*** Opening of RECORDS TO USE ***

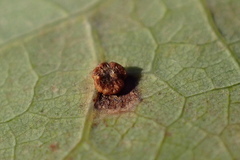 Neuroterus tantulus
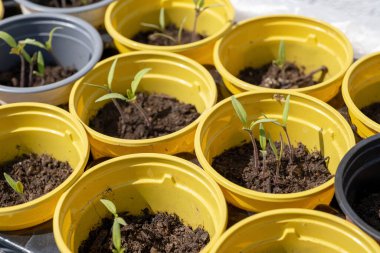 Domates ekme hazırlıkları, sarı plastik kaplarda genç filizler.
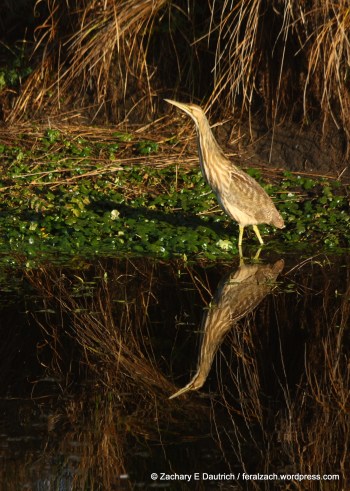 American bittern
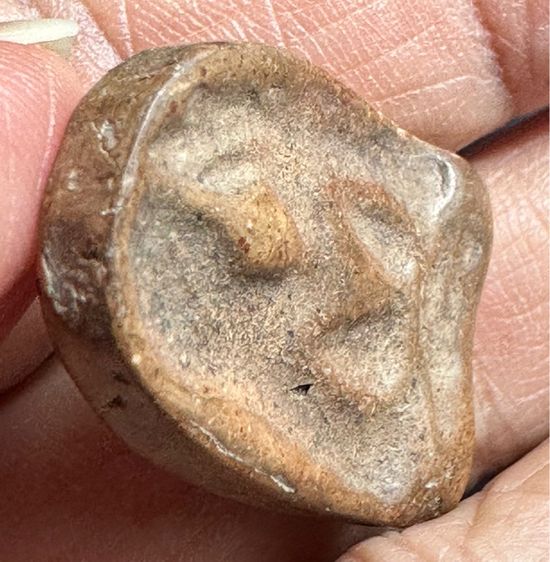 พระกำแพบซุ้มกอพิมพ์กลาง รูปที่ 6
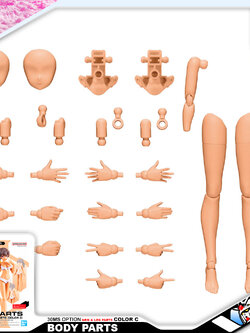 30MS OPTION BODY PARTS ARM PARTS & LEG PARTS (COLOR C)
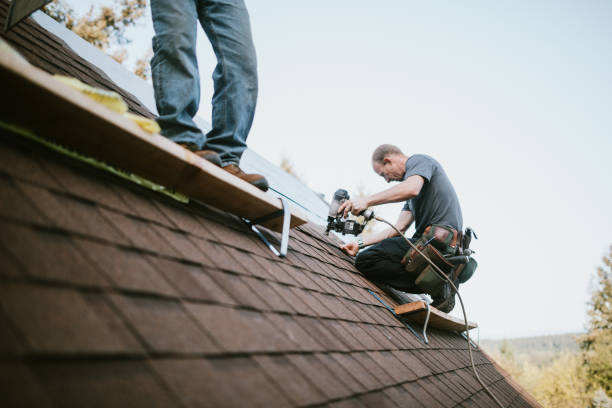 Best Roof Maintenance Services  in Mcmechen, WV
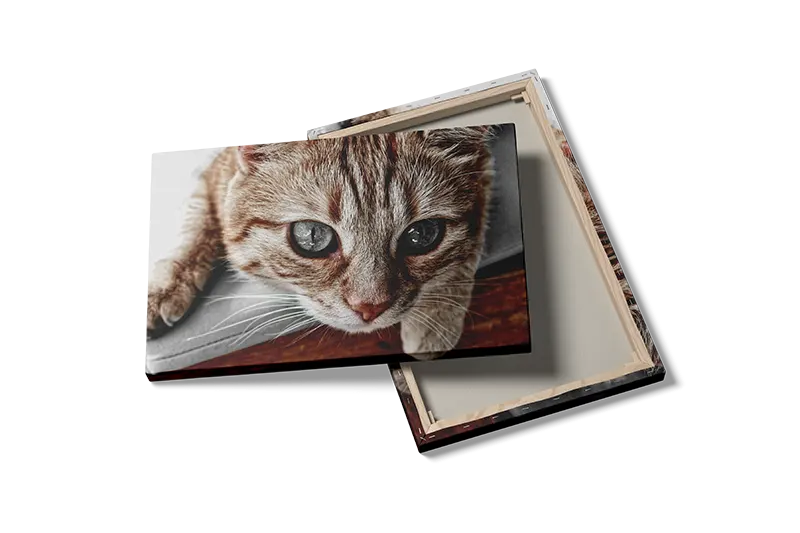 Cat Close Up Plakat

*** Close of RECORDS TO USE ***

• _WORK TO COMPLETE_
The copy you write out must match the entries word for word, minus their pictures.

• _FINAL ANSWER_
 Neuroterus tantulus
 Domates ekme hazırlıkları, sarı plastik kaplarda genç filizler.
 American bittern
 พระกำแพบซุ้มกอพิมพ์กลาง รูปที่ 6
 30MS OPTION BODY PARTS ARM PARTS & LEG PARTS (COLOR C)
 Best Roof Maintenance Services  in Mcmechen, WV
 Cat Close Up Plakat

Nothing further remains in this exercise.